This is a staple recipe that everyone should have in their recipe book. Chicken stock from scratch is 1 million times better than store bought. Of course we don’t always have the time to make it homemade, but when you do it’s totally worth it. I love making a big batch and putting it in the freezer into litre containers. Whenever I need stock for a risotto, gravy or to make chicken soup when someone’s feeling sick it’s so convenient to have on hand.

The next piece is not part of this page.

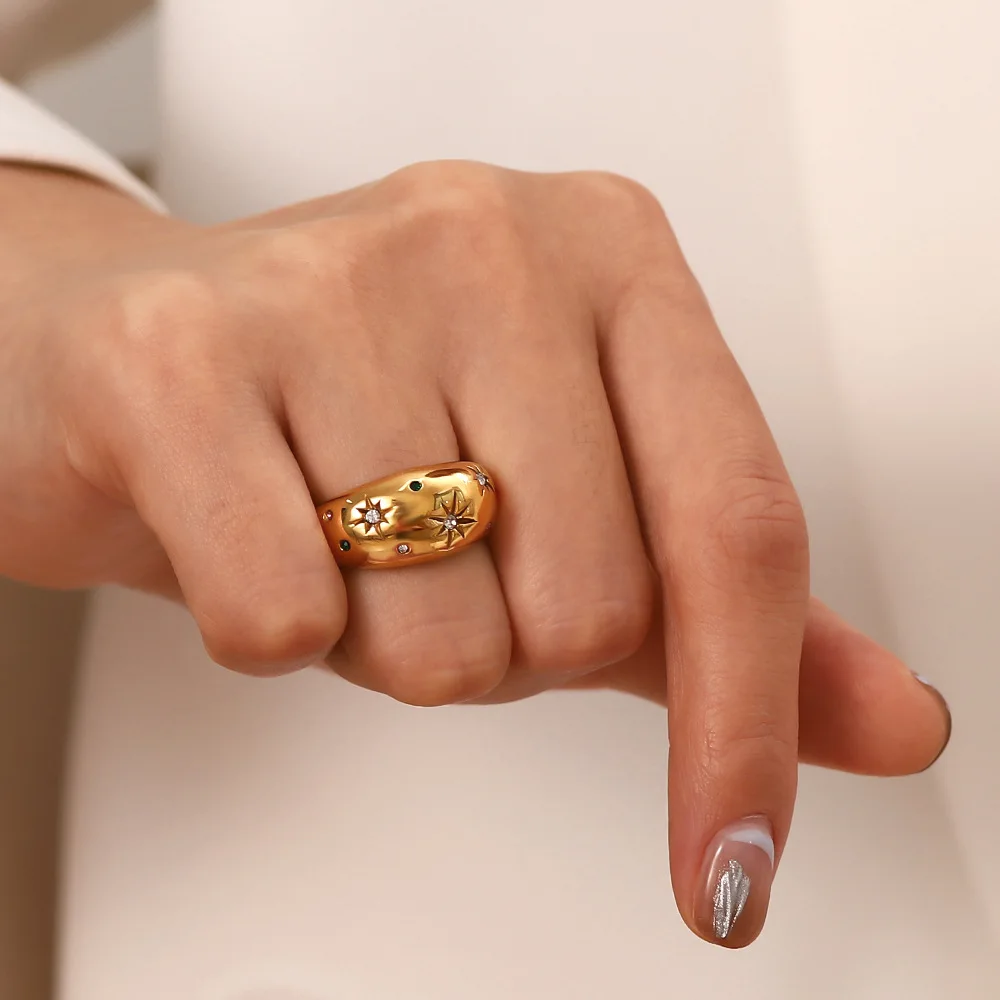 DEAR-LIFE French light luxury vintage fashion hexagram zirconia ring personalized hand jewelry female new accessories 
DEAR-LIFE French light luxury vintage fashion hexagram zirconia ring personalized hand jewelry female new accessories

Trust me when I tell you that making it at home is easy, economical and tastes so much better than store bought. You would be really surprised to see what ingredients are used in store bought chicken stock. Ingredients like, sugars, caramel colour, natural flavours and seed oils just to name a few. Seed oils are highly inflammatory for the body and I like to avoid these oils as much as possible. When you make stock at home, or anything homemade for that matter, you can control what ingredients are going into your food and you can ultimately control what you are putting into your body.

 


Rating: 1 out of 5.

Prep time: 5 minutes

Cook time: 5-6 hours

Total time: 6 hours

Servings: 4-6

Ingredients

  • 10 chicken drumstick
  • 4 dried bay leafs
  • 1 head of garlic, peeled
  • 3 large onion, cut into quarters
  • 4 large carrots, peeled and cut in half and into quarters
  • 1/2 tbsp whole black pepper corns
  • 1 large bunch of fresh parsley
  • 1 tomato, cut into large quarters
  • Salt to season

Directions

  1. Place everything in a large stock pot. Cover with water. Bring to a boil. Once at a boil, lower the heat to low and simmer for 5-6 hours. If you find that it’s reducing too much you can add more water but you will just need to simmer it longer. You can honestly simmer this all night to make a very concentrated bone broth.
  2. Once it has finished cooking, remove the bones, celery and herbs. Strain the broth to remove any small bones and the chicken meat back into the stock.